In the hypothesis of small strains and homogeneous material, the bending part of Cauchy stress \(\sigma \) reads as

$$\begin{aligned} \sigma _f={\mathcal {C}_f}{\epsilon _{f}} \end{aligned}$$
(3.20)

where \({\mathcal {C}_f}\) is defined as

$$\begin{aligned} {\mathcal {C}_f}=\frac{E}{\left( 1-\nu ^2\right) }\left[ \begin{array}{ccc} 1&{}\nu &{}\nu \\ \nu &{} 1&{} \nu \\ 0&{}0&{} \displaystyle \frac{1-\nu }{2}\\ \end{array}\right] \end{aligned}$$
(3.21)

Shear stress components are given by

$$\begin{aligned} \sigma _{c}={\mathcal {C}_c}{\epsilon _{c}} \end{aligned}$$
(3.22)

where \({\mathcal {C}_c}\) is defined as

$$\begin{aligned} {\mathcal {C}_c}=\kappa \frac{E}{2\left( 1+\nu \right) }\left[ \begin{array}{ccc} 1&{}0 \\ 0 &{} 1 \\ \end{array}\right] \end{aligned}$$
(3.23)

where \(\kappa \) is the shear correction factor.

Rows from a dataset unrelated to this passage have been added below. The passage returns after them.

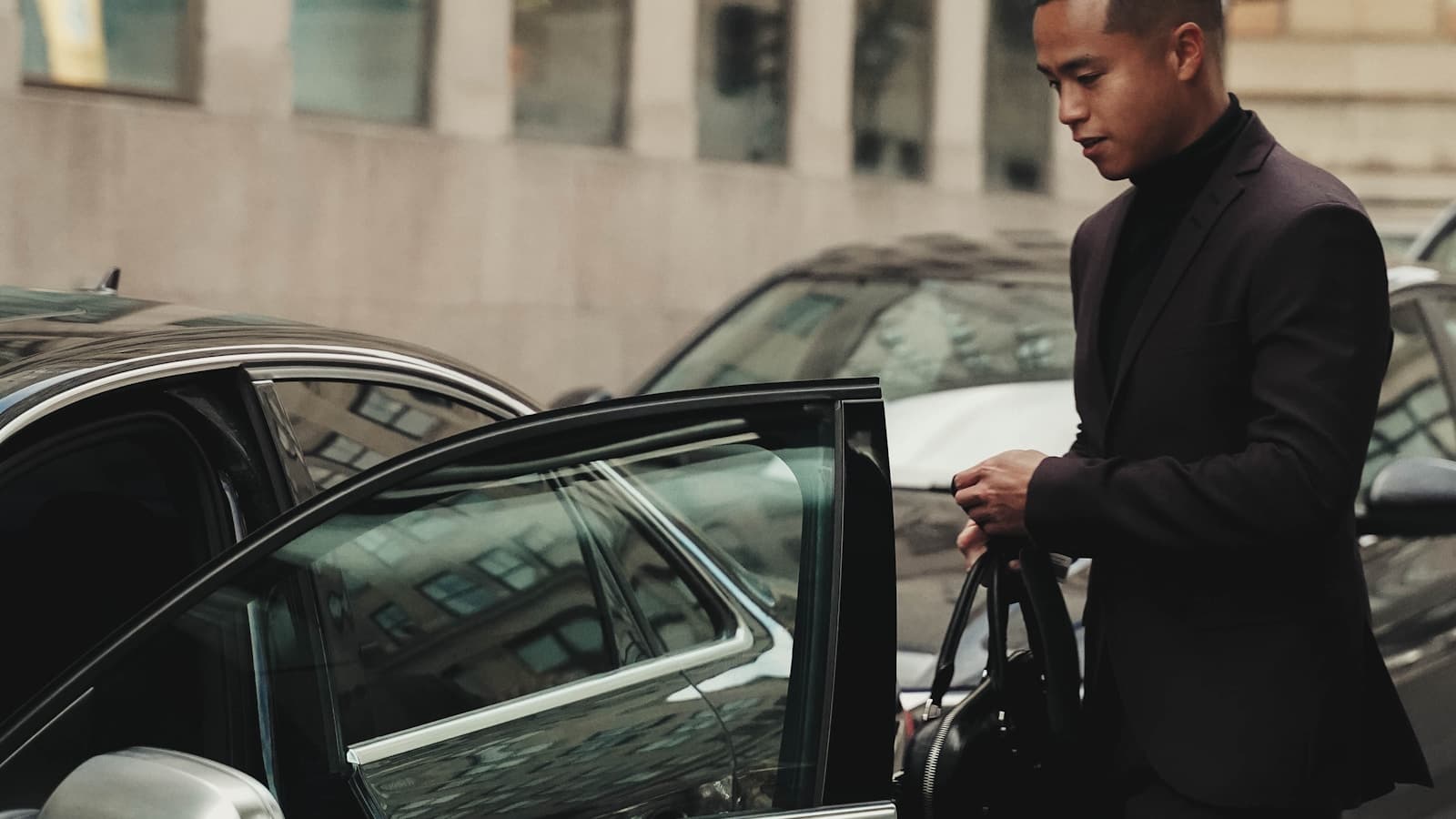 A man in a dark suit opening the door of a modern black sedan on a city street.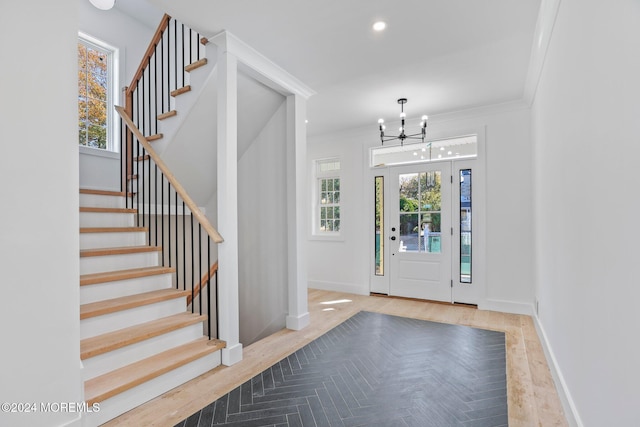 foyer featuring crown molding, light wood-type flooring, and a notable chandelier
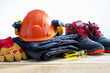 © Sergey - Safety helmet, safety shoes, safety suit, earmuffs, goggles cutresistant gloves on wooden table. Work safety protection equipment.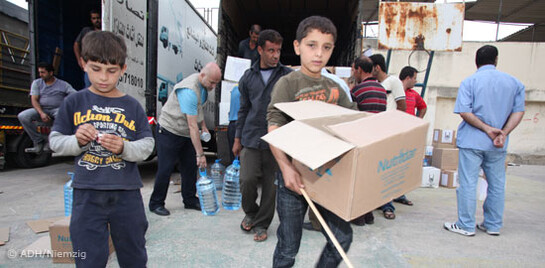 Syrische Jungen bekommen Hilfslieferungen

Now, since the vector field \(U=\left( u,v, w\right) \) can be fully characterized for given \(d^T=\left( \theta _x,\theta _y, w\right) \) thanks to Eq. (3.17), we assume in the discretized space, the following interpolation

$$\begin{aligned} \theta _x=\sum ^{n}_{i=1}{N_i{\theta _x}_i};\qquad \theta _y=\sum ^{n}_{i=1}{N_i{\theta _y}_i};\qquad w=\sum ^{n}_{i=1}{N_i{w_i}} \end{aligned}$$
(3.24)

In virtue of this general approximation, the bending \(B_f\) and shear \(B_c\) strain matrices can be readily written out.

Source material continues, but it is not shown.